## Aim of the task
Once the line with "nice condition" is found, repeat it and all later lines exactly through the end of the listing below, with the pictures left out.

## Dataset records
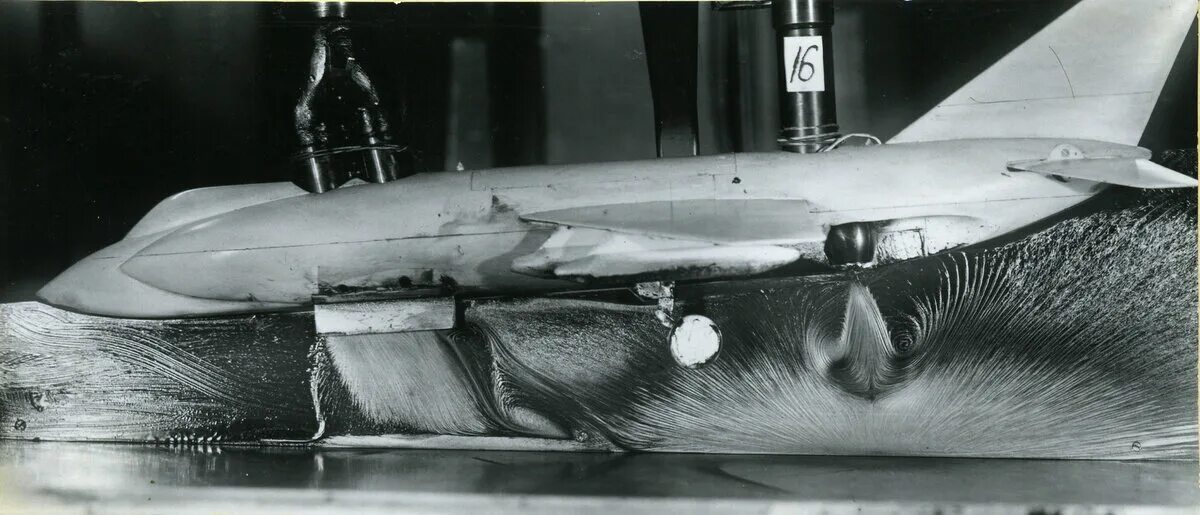 Маневренность самолета. Испытания як. Аэродром смоленск "як-40" 10. Прочностные испытания в цаги. Испытания як-152 цаги.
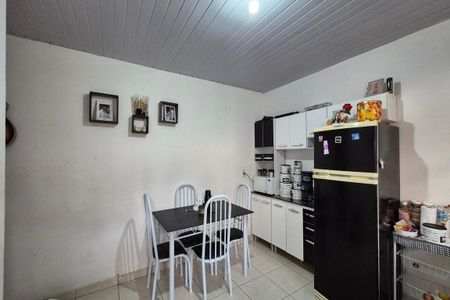 Casa à venda com 120m², 3 quartos e 2 vagasCozinha 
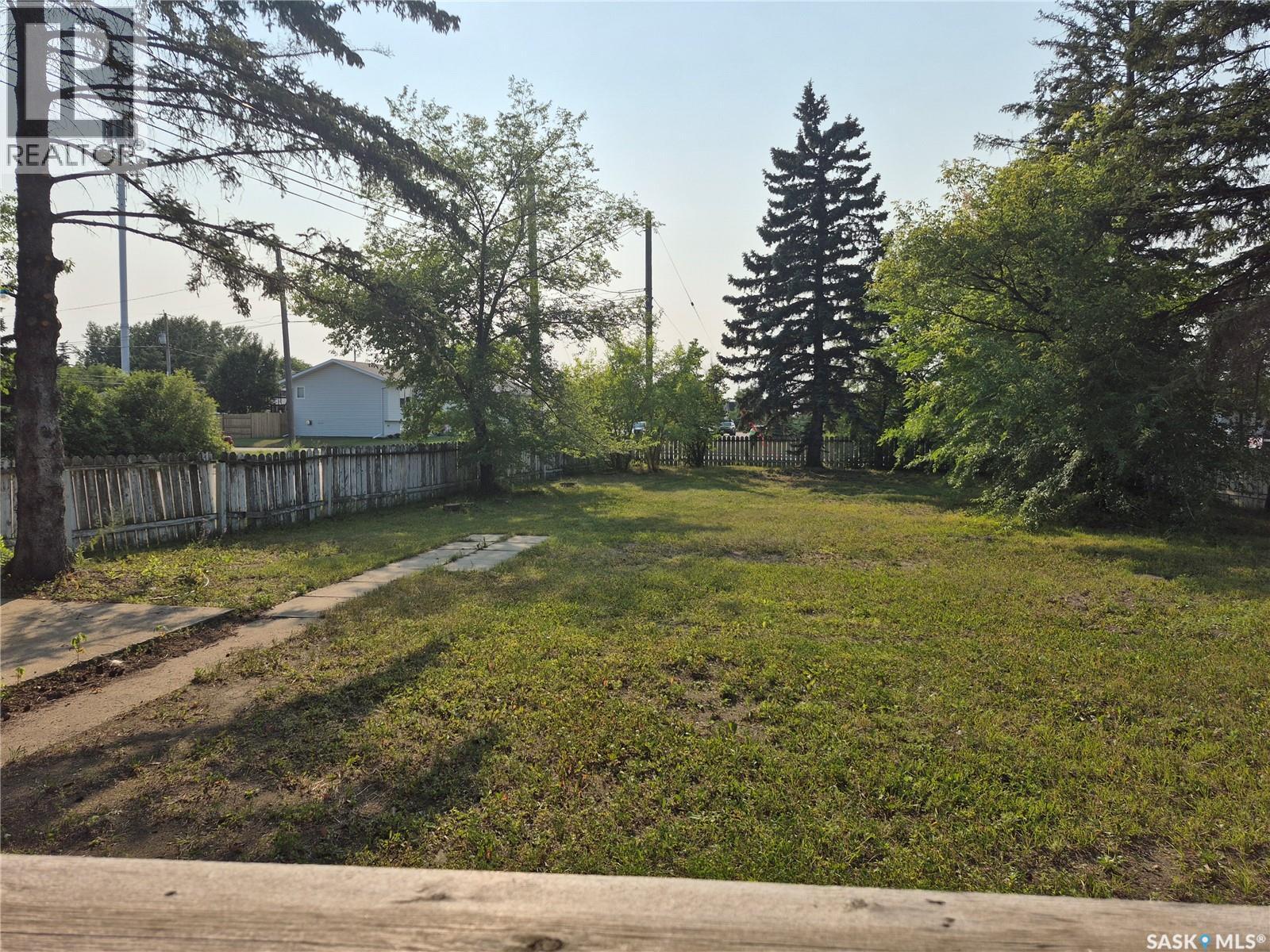 215 Central Street W, Warman, Saskatchewan  S0K 4S0 - Photo 2 - SK044806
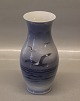 Royal 
Copenhagen RC 
1138-2289 Vase 
Seagulls  18 cm 
In mint and 
nice condition
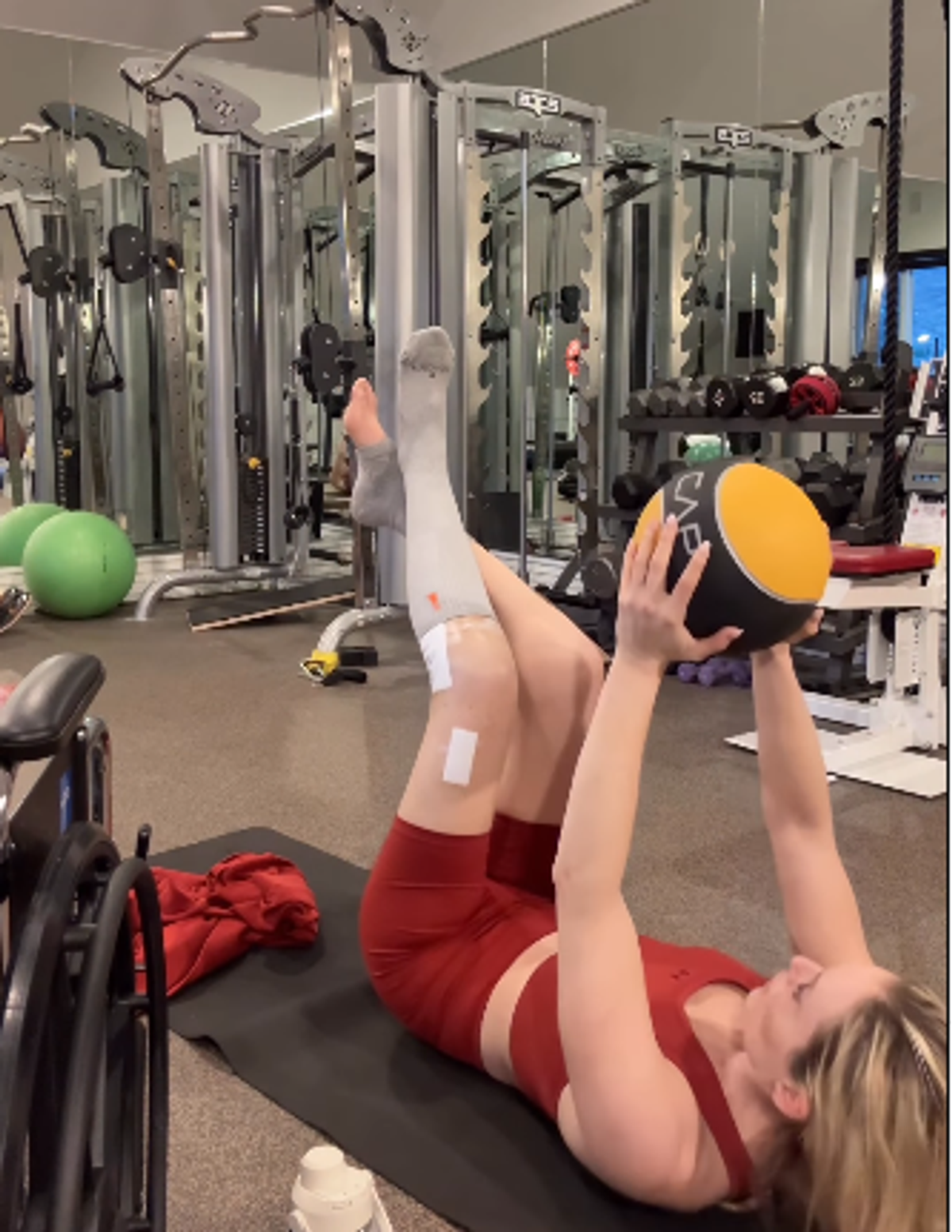 Lindsey Vonn a început recuperarea la picior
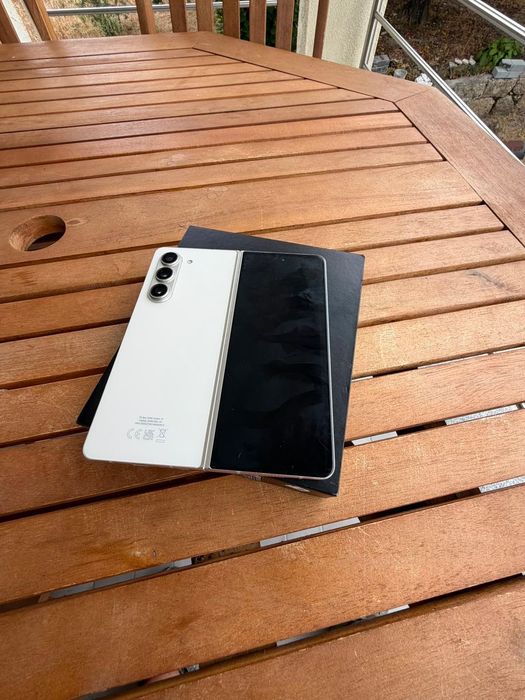 Samsung galaxy  z fold5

## Answer space
nice condition
 Lindsey Vonn a început recuperarea la picior
 Samsung galaxy  z fold5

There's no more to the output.